Car l'intéressée le sait bien. Le temps que l'un parte et que l'autre arrive, « cela va secouer humainement, économiquement et fiscalement ». Derrière la plateforme pétrochimique d'ExxonMobil gravite, en effet, une galaxie de TPE et de PME sous-traitantes souvent mono-client. « Il faut multiplier au moins par trois les emplois menacés sans compter l'impact sur les commerces », calcule tout haut un bon connaisseur de la place.

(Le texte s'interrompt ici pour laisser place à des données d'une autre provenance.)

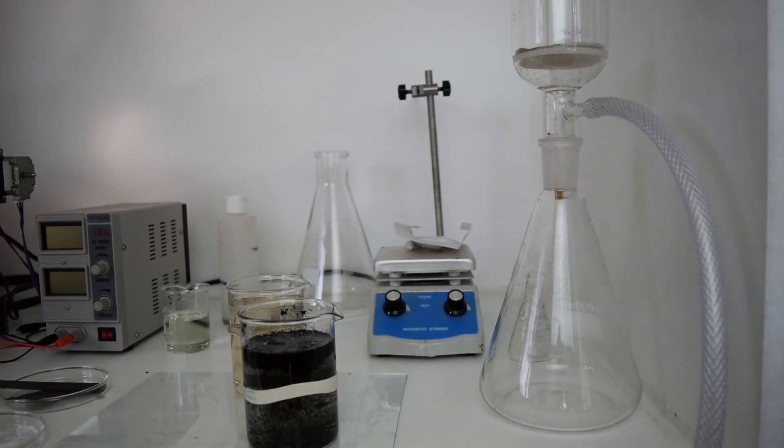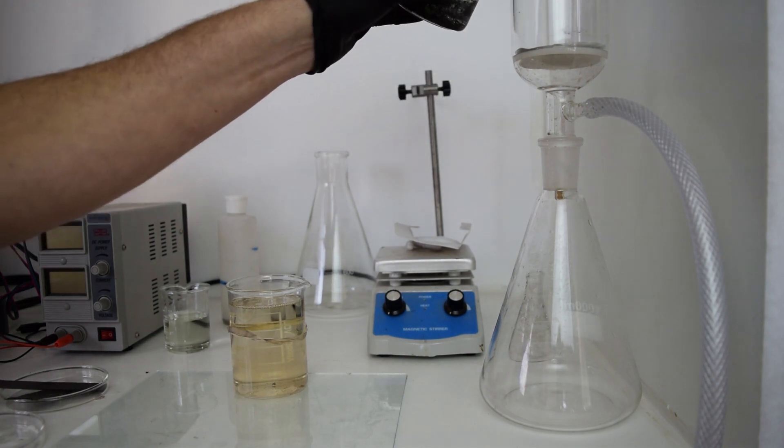I then clean it with deionized water using vacuum filtration and let it sit in water.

Le désengagement de la major américaine est aussi synonyme de moindres rentrées fiscales pour les collectivités : plusieurs millions d'euros vont manquer à l'appel. « Certains investissements devront sans doute être différés », prédit-on déjà dans les services de l'agglomération.

« On saura rebondir »

Mais tout le monde dans l'assistance en convient, les plaies se refermeront vite. Bien placée en bordure de Seine à la porte de l'Île-de-France et douée d'une solide antériorité industrielle, Port-Jérôme sait hameçonner les investisseurs. « Nous sommes approchés chaque semaine par au moins un industriel », nous rappelle sans forfanterie Gilles Carpentier, directeur de l'agence de développement économique. De fait, les annonces pleuvent ces derniers mois.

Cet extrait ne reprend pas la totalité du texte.